# [What to produce]
From the line that contains "Chartreuse Green Abstract" down to the last line of the entries, please return everything exactly, except the pictures.

# [Recorded information]
════════

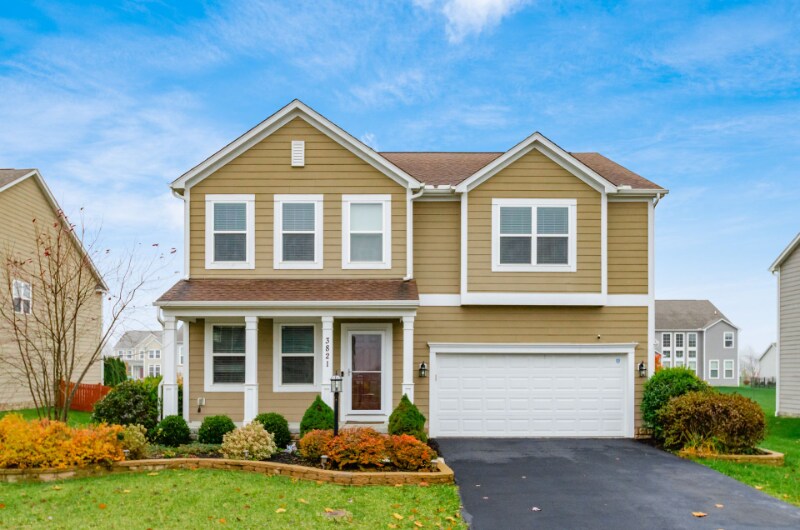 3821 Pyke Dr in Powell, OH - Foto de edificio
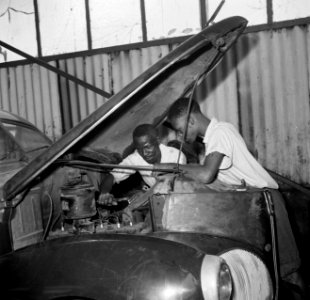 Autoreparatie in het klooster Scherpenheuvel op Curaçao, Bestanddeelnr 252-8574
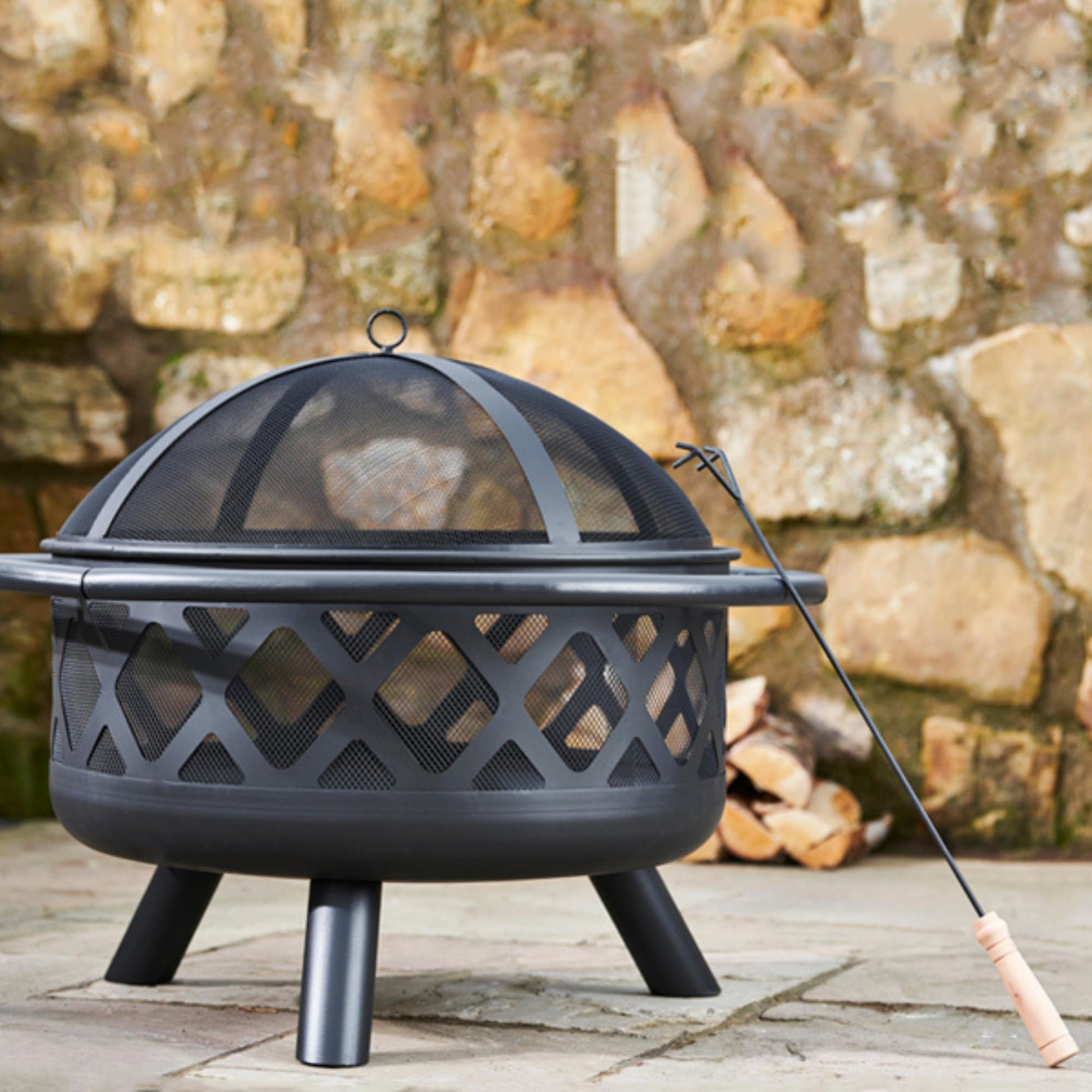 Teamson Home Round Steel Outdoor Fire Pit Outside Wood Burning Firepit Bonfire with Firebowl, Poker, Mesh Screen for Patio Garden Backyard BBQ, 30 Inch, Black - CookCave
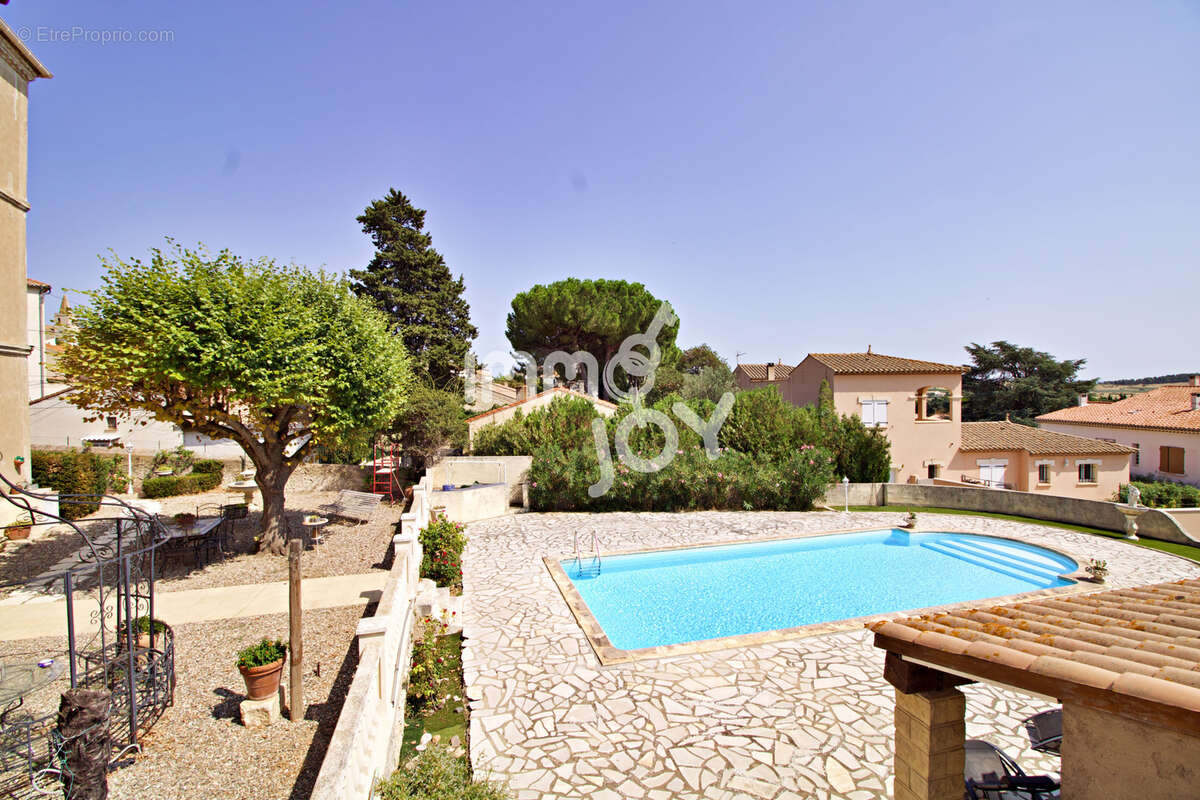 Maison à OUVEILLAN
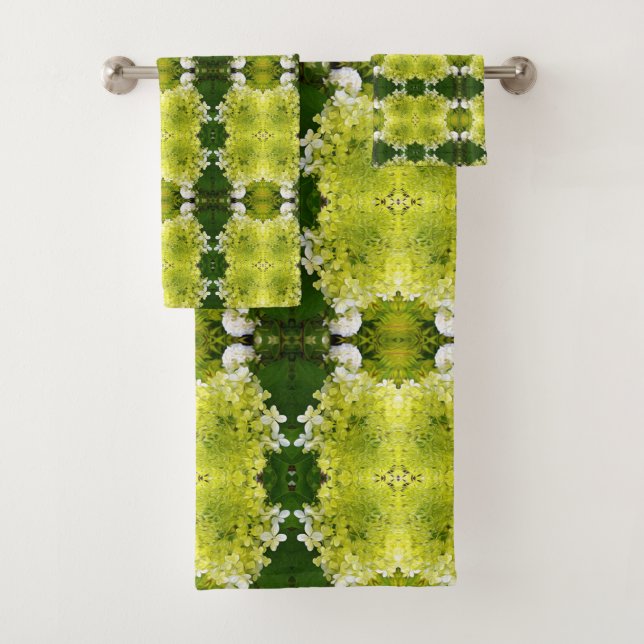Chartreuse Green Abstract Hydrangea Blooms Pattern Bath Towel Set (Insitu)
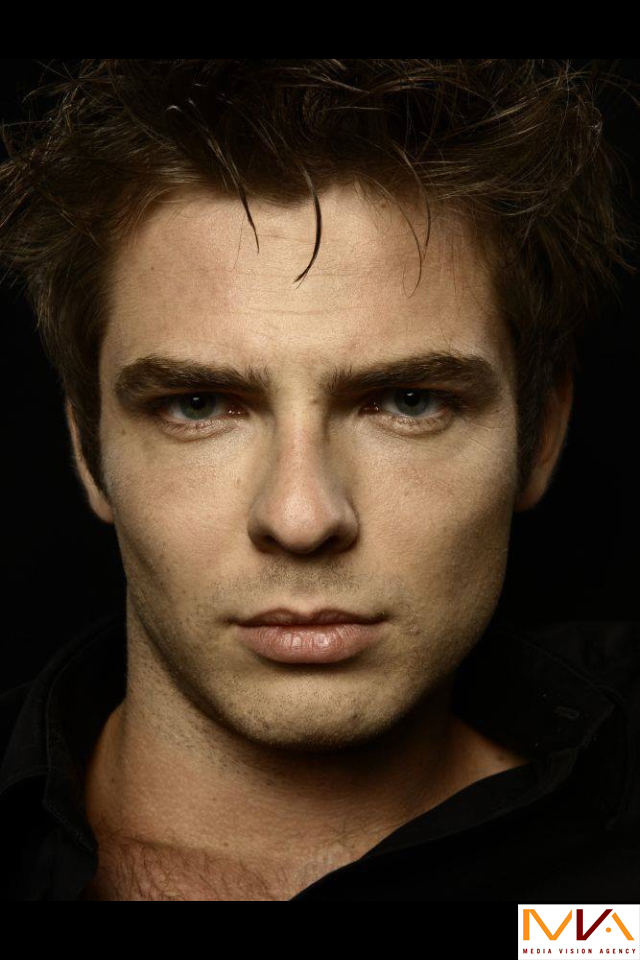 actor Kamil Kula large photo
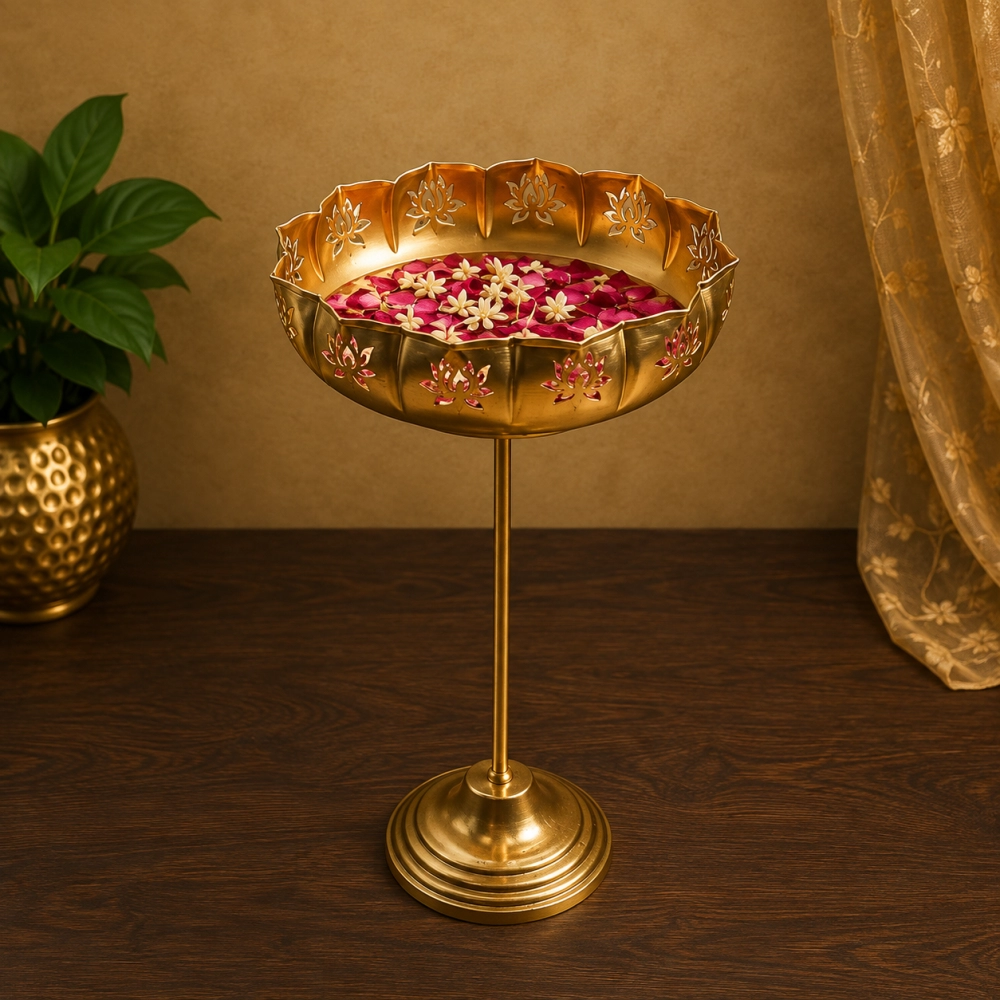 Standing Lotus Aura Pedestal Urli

════════

# [Task answer]
Chartreuse Green Abstract Hydrangea Blooms Pattern Bath Towel Set (Insitu)
 actor Kamil Kula large photo
 Standing Lotus Aura Pedestal Urli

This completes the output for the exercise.